(Data supplied Opens)

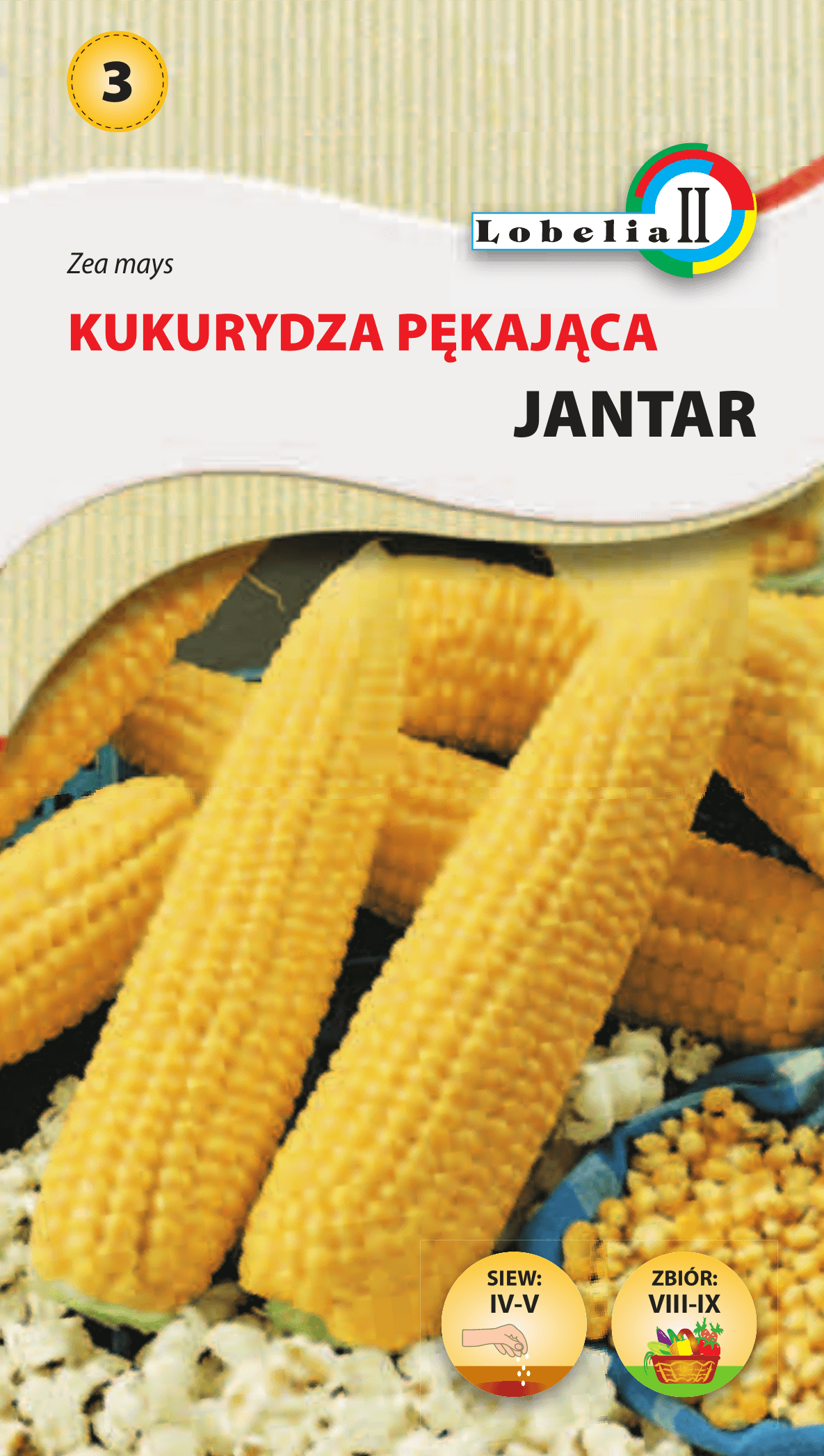 Kukurydza pękająca jantar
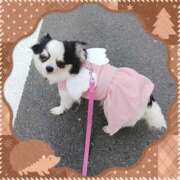 ヒメ日記 2025/11/23 15:45 投稿 あまねさん 鶯谷のデリヘル桃山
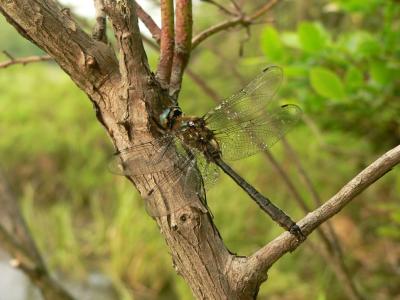 American Emerald - Cordulia shurtleffii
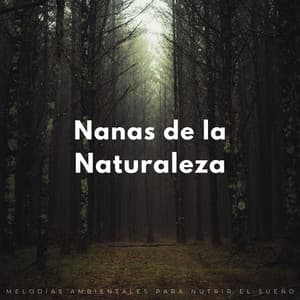 Nanas De La Naturaleza: Melodías Ambientales Para Nutrir El Sueño - Sonidos orgánicos de la naturaleza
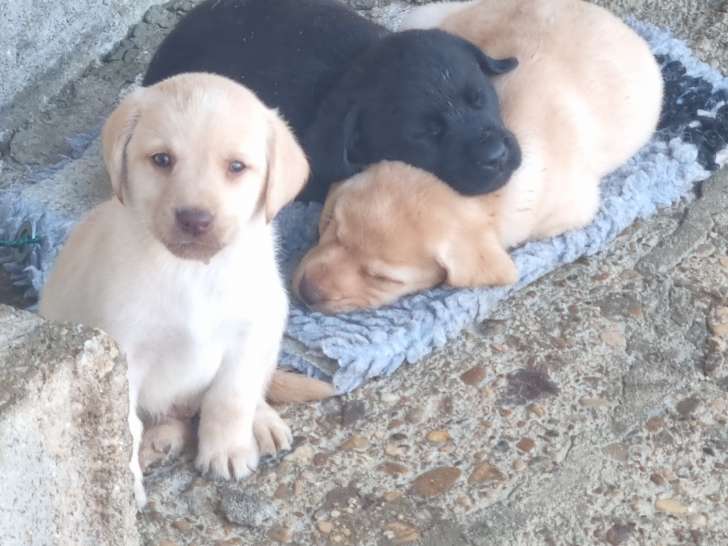 Chiots Labrador LOF à vendre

(Data supplied Closes)

◆ **Directions**: Do not include the images; transcribe the rest of the listing exactly.

◆ **Answer space**:
 Kukurydza pękająca jantar
 ヒメ日記 2025/11/23 15:45 投稿 あまねさん 鶯谷のデリヘル桃山
 American Emerald - Cordulia shurtleffii
 Nanas De La Naturaleza: Melodías Ambientales Para Nutrir El Sueño - Sonidos orgánicos de la naturaleza
 Chiots Labrador LOF à vendre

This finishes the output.